张显的目光,忽然被街角的一家店铺给吸引住了。


    那是一家名为“聚宝斋”的当铺,门面极大,虽然已经打烊上了板,但透过门缝还能看到里面隐隐透出的灯光。


    他停下脚步,回头看了看身后漆黑的街道,又摸了摸怀里那块冰冷的腰牌,嘴角缓缓上扬。


    “齐王殿下常说,非常之时,当行非常之事。齐王当年也是在贼寇出身,现在不也成了响当当的大英雄?!”


    “我跟着大哥投靠了齐王,也算半个贼寇了吧...”


    “既然是贼寇...”


    蓟州,二仙山。


    紫虚观后的松林深处,一块被岁月磨砺得光滑如镜的青石之上,一人正盘膝而坐,闭目打坐。


    此人身着一袭素色道袍,背负松纹古剑,颌下三缕长须随风轻摆,面容清癯,双眉入鬓,自有一股超凡脱俗的仙风道骨。


    正是入云龙,公孙胜。


    就在这时,一阵急促且慌乱的脚步声,打破了这山林的清幽。


    “师叔!师叔!不好了!”


    一名年约十二三岁的小道童,跌跌撞撞地从山道上跑来,脸上满是惊恐之色,就连头上的道冠跑歪了也顾不得扶。


    公孙胜眉头微皱,缓缓睁开双眼,那双眸子中似有精光闪过,随即又归于平淡。


    “慌什么?”公孙胜语气平淡,却透着一股让人心安的力量,“天塌下来,还有贫道顶着。出家人讲究静气,你这般毛毛躁躁,成何体统?”


    小道童喘着粗气,跑到公孙胜面前,“噗通”一声跪下,指着山门方向,结结巴巴地说道:“不……不是啊师叔!外边……外边来了个丑鬼!”

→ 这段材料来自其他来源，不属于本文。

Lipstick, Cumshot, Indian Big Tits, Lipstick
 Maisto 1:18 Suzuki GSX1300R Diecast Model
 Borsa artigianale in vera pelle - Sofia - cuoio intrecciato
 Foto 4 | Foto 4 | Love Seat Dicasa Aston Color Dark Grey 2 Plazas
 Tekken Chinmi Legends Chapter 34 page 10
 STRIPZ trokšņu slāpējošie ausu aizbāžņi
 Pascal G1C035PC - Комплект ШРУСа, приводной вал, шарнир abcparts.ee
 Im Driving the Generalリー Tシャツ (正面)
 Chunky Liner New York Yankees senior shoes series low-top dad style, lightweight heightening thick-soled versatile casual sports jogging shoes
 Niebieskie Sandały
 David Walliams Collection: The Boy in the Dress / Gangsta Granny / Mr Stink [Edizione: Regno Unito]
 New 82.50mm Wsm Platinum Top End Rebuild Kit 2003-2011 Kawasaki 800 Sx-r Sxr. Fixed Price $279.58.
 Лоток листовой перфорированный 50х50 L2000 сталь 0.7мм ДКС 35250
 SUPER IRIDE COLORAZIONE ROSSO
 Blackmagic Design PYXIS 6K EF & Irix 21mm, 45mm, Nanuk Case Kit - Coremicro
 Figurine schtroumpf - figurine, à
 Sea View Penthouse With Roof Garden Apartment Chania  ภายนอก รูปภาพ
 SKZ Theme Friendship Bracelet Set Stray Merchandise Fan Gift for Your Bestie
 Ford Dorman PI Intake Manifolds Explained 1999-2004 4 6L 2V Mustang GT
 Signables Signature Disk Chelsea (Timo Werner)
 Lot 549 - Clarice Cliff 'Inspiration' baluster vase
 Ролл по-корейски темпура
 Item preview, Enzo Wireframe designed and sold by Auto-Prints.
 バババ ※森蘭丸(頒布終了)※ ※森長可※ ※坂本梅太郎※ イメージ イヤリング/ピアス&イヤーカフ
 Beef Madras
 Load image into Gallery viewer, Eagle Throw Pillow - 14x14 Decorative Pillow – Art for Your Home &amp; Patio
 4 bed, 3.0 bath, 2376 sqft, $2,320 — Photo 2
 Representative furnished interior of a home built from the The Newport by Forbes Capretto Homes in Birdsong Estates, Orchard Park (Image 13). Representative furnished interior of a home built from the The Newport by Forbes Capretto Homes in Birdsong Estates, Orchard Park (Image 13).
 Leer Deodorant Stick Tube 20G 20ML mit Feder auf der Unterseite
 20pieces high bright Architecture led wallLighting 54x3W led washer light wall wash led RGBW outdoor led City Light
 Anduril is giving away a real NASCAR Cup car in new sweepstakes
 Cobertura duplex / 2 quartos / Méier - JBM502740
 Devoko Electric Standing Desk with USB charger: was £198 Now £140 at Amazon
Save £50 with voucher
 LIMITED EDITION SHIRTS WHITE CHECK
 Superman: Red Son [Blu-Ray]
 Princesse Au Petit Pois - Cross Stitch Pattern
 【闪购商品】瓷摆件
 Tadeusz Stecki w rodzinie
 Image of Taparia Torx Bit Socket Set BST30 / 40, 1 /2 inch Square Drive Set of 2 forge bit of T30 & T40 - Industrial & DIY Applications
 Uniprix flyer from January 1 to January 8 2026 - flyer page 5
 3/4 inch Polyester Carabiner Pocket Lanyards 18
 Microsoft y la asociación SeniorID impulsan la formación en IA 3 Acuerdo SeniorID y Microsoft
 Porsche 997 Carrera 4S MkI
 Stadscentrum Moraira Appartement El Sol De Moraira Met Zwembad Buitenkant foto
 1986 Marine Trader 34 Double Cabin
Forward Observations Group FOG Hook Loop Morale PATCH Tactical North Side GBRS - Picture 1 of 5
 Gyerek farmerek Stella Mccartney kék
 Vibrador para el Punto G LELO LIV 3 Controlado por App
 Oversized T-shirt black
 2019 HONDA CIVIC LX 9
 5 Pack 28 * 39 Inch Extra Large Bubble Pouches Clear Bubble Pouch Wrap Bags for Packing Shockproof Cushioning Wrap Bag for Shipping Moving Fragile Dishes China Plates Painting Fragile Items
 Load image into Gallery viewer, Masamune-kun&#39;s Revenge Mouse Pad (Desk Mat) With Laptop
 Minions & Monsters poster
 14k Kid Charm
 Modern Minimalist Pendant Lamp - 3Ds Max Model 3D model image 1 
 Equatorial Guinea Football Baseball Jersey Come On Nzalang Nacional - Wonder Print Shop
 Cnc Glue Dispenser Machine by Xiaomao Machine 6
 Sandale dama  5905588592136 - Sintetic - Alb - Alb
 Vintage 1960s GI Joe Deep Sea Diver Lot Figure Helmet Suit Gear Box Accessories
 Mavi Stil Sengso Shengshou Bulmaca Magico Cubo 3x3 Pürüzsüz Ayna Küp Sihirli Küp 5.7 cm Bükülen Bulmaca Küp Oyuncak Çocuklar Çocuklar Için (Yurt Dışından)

    “丑鬼?”公孙胜哑然失笑,这二仙山乃是清修之地,哪来的什么鬼怪?


    多半是这小童没见过世面,被什么长相奇特的人给吓到了。


    “那人长得……长得太吓人了!”小道童比划着,脸上还带着未消的余悸,“红头发,大眼珠子都要瞪出来了,浑身是血,跟刚从死人堆里爬出来似的!他……他趴在山门那儿,死活不肯走,嘴里还念叨着什么齐王,说是齐王派来找您和乔师叔有要紧的大事!”


    “齐王?!”


    这两个字一入耳,公孙胜原本淡然的神色瞬间一变,猛的从青石上弹起。


    齐王,那是武松的封号!


    而那个红头发、大眼珠子的丑鬼……


    公孙胜脑海中瞬间浮现出一个身影。


    那个虽然长相怪异,却忠肝义胆,为了传递军情可以把命都豁出去的汉子!


    康捷!


    那个曾经为了救援梁山,不惜施展神行法,背着他狂奔数百里,累得吐血昏迷的血性汉子!


    “他在哪儿?!”


    公孙胜一声低喝,根本来不及听小道童的回话,身形突然变得模糊。


    下一瞬,他已化作一道清风,卷起地上的落叶,瞬间消失在松林深处。


    ……


    二仙观的山门之外。


    昔日能日行一千二百里的康捷,此刻却像是一滩烂泥般瘫软在石阶上。


    他那身引以为傲的赤色劲装,此刻早已变成了黑红色,那是干涸的血迹与尘土混合后的颜色。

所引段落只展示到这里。